“Keam”: nuove speranze per il panorama musicale italiano
Il panorama italiano è pieno di band emergenti che non si limitano a suonare 4 accordi per imitare i cosiddetti “grandi del rock italiano”. Ce ne sono davvero tante, ma sono tante anche le difficoltà che trovano per farsi strada in un paese dove la musica underground viene ignorata o, peggio, fatta passare come scadente.
Ultimamente, però, si vedono sempre più spesso gruppi “meno standard”, un po’ fuori le solite band rock-pop-like. I Keam sono una di queste band che non ha paura di uscire dagli schemi e buttare nel circolo musicale un album pieno di riff anticommerciali.

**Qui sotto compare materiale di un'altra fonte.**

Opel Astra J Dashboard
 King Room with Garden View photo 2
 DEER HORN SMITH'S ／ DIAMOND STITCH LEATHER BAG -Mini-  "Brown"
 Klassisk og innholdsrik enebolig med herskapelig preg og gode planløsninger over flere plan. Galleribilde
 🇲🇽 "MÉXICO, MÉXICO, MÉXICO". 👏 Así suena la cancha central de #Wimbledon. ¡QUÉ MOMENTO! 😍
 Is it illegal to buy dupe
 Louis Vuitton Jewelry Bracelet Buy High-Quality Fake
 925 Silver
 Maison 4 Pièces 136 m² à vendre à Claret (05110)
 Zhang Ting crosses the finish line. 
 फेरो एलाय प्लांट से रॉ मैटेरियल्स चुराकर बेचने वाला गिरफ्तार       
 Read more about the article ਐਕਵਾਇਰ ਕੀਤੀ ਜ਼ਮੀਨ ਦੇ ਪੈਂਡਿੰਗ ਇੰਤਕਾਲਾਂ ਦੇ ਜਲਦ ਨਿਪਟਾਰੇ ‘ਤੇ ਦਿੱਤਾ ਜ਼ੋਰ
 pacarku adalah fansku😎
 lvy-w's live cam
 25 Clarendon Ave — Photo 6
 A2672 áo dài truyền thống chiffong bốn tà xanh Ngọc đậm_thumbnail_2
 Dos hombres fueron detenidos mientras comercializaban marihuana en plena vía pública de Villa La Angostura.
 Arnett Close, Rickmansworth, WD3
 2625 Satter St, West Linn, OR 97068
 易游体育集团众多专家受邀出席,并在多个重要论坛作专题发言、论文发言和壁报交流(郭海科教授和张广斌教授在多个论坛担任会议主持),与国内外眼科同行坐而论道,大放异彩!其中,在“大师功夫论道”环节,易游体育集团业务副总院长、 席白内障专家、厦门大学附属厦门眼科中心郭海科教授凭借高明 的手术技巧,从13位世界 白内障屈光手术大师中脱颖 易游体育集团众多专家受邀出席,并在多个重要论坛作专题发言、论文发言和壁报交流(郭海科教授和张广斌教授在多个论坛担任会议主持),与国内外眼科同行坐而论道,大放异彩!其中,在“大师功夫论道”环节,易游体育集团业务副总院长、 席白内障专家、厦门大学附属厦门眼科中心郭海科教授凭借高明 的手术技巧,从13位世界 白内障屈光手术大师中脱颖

La band, a prescindere dal fatto di essere composta da 5 ragazzi provenienti da realtà musicali completamente diverse, riesce a creare un quintetto davvero esplosivo. La lineup è composta da Andrew (chitarra), Mr Auri (batteria), Joshua (voce), Lawrence (basso) e Lu (synth bass); si, avete letto bene: la particolarità di questa lineup è quella si non usare 2 chitarre -impostazione standard del alt. rock/metal- ma bensì 2 bassi, uno per le solite frequenze basse e l’altro per creare un sound particolare, tutto suo. La band, grazie alla casa discografica Manua Loa (la quale si occupa della promozione discografica indipendente, portando gruppi anche su palchi importanti) e al produttore discografico Douglas Ford, entrano nel Edie Road Studio, situato a New York, per sfornare il loro primo lavoro in studio, il loro album omonimo, “Keam”.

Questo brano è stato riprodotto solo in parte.